Posted on 19. Jul, 2012 by pamela in ELLE/Aveeno/SF @ Franklin Elementary, G3 Associates, G3 Blog, G3 Community, G3 Design Studio, G3 Partners, Los Angeles/South Bay, School Yard Habitats, Surfrider Foundation, Surfrider's Ocean Friendly Gardens, Watershed Friendly Gardens
New G3 Associate and Surfrider West Los Angeles Ocean Friendly Gardens Volunteer, Tom Rau, organized a weed and feed (food for the mycorrhizae, that is) work session at Elle/Aveeno/Surfrider Ocean Friendly Garden at Franklin Elementary School in Santa Monica, CA. This session helped train the incoming parents and teachers who are active on the Franklin Elementary Green Team, and who will be maintaining the garden going forward.
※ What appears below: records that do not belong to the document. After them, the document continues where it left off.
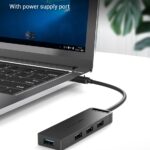 Vention TGKBB Type C to 4 Port USB 3.0 Hub - with Power Supply, 0.15M, 5Gbps Data Transfer Speed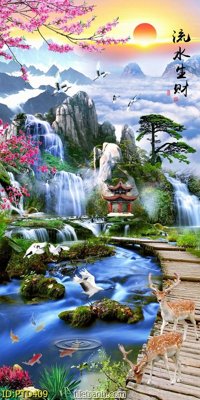 Tải file File phong thủy đứng thác nước PTD409 (gốc) làm file quảng cáo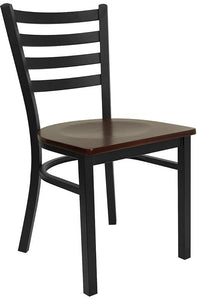 HERCULES Series Black Ladder Back Metal Restaurant Chair - Mahogany Wood Seat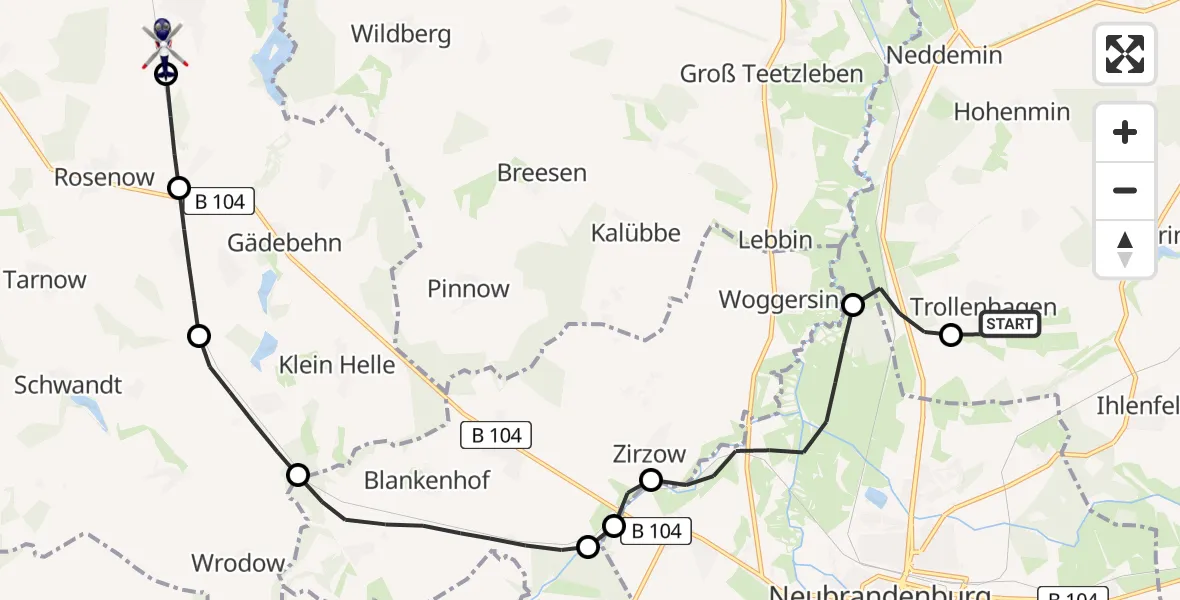 Flugroute Polizeihubschrauber Neubrandenburg Trollenhagen Flughafen - Knorrendorf, 26 Juni 2026, 04:01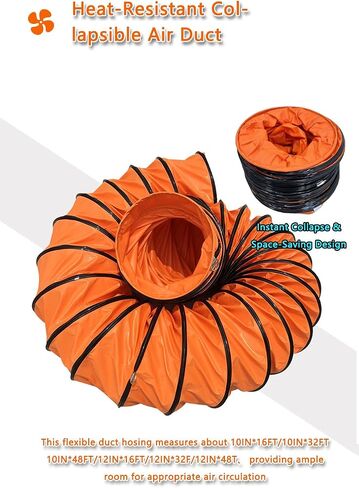 30cm Heavy‑Duty PVC Flexible Ducting Hose, 5m Flame‑Retardant Ventilation Pipe, 0.28mm Thick Foldable Extractor Hose for Industrial Use, HVAC Systems & Workshop Blower【30cm*5m】 in Kuwait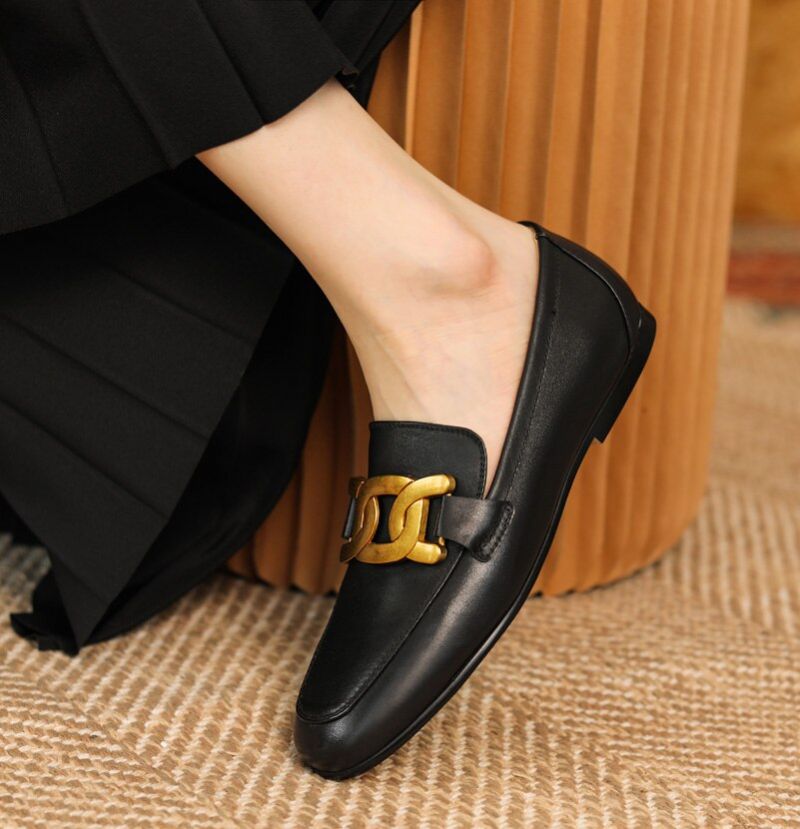 Lina Dames Casual Leren Loafer Schoenen - Zwart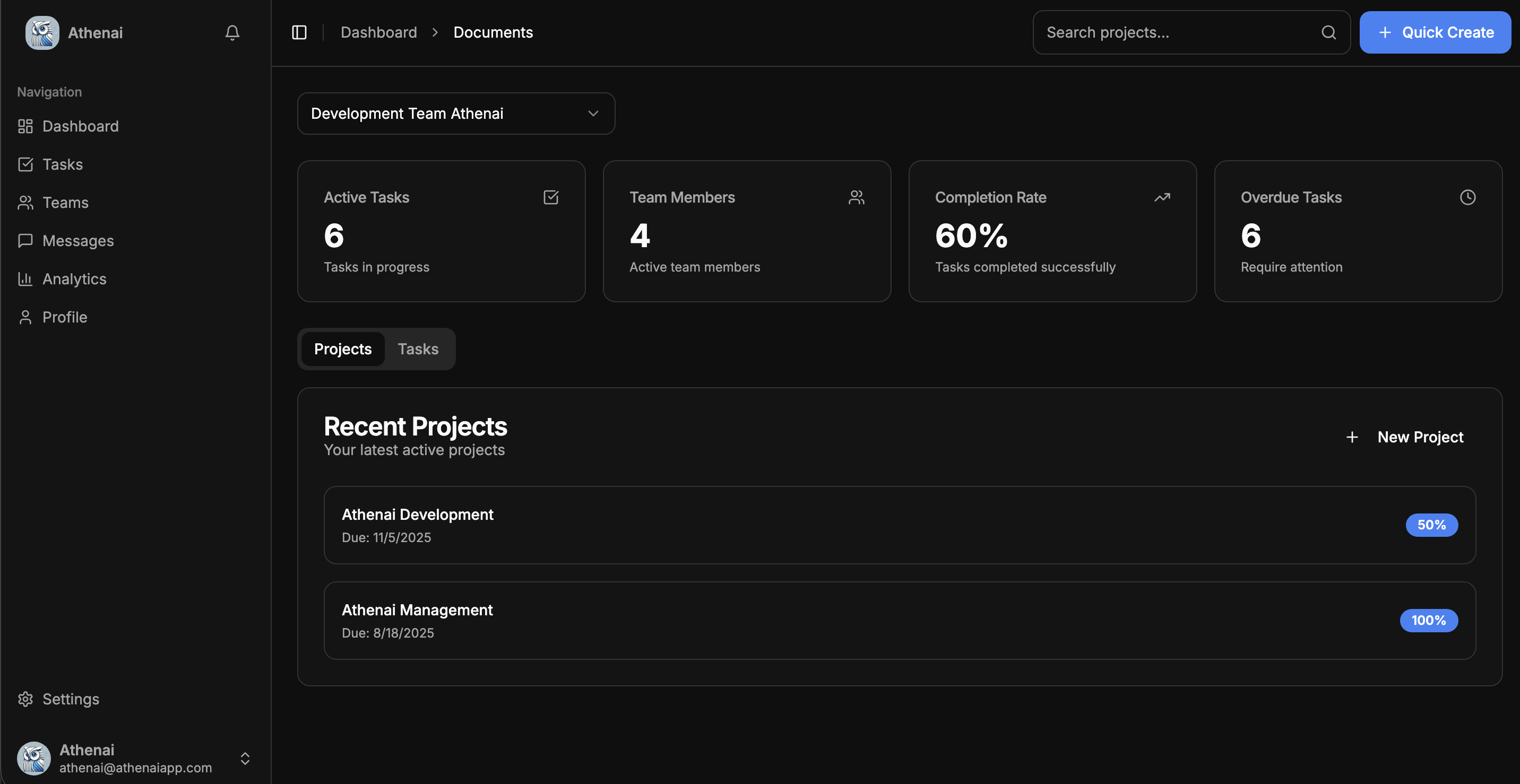 Athenai Dashboard - Task Management Interface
This OFG is always a little surprising, as only truly hardy California native plants survive the somewhat brutal treatment with kids traveling off the beaten decomposed granite path, dogs allowed to run free through the planters, and even vehicles occasionally running over or parking on sections of the garden! It really is a testimony to the idea of using California native plants in those exposed and distressed urban situations like public, commercial, and school yard landscapes.
If there is one lesson, it is to plant copious amounts of Eriogonum grande rubescens (Red buckwheat) for a guaranteed year-round show of color. This garden was built by a community of women in a project supported by Elle, Aveeno and Surfrider West LA/Malibu, but the actual planting day took place after two days of torrential rain. When everyone showed up for the event, the clay garden soil was saturated and sticky, clumps of kikuyu grass were being mixed into the mulch used for the sheet mulching, paper for covering the grass was dissolving as soon as it made contact with the mucky soil, and plant tags got mixed up so that the yellow-blooming plants were placed where pink ones should have been, and vice versa. In short, it was an environmental disaster for a project that was designed to preserve and develop Living Soil.
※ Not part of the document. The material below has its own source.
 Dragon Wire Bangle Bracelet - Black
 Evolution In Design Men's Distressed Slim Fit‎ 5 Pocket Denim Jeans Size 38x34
Though, to remember the work day correctly, everybody had a smile on their face, despite the thoroughly dirty task! It has taken most of the past two years to recover from the day it was built. Kikuyu very nearly overtook the whole front planter area. One section was abandoned by the team early on as nut sedge took hold and proliferated in the recuperating soil conditions.
Battle lines had to be drawn. The path served as a DMZ and the Green Team became more faithful in its organized work days. Now, just a couple years later, the garden is ready to be assessed and replanted in areas that have taken the worst abuse. The Green Team is confident and trained in removing the weeds, keeping the annual native visitors (like Eschscholzia californica or California poppy), amending the drip irrigation system, and locating and spreading fresh tree trimming mulch.
Did we mention that the garden is looking great too?
You can visit and keep track of changes at the Elle/Aveeno/Surfrider Ocean Friendly Garden at Franklin Elementary School at 2400 Montana Ave., Santa Monica, CA 90403.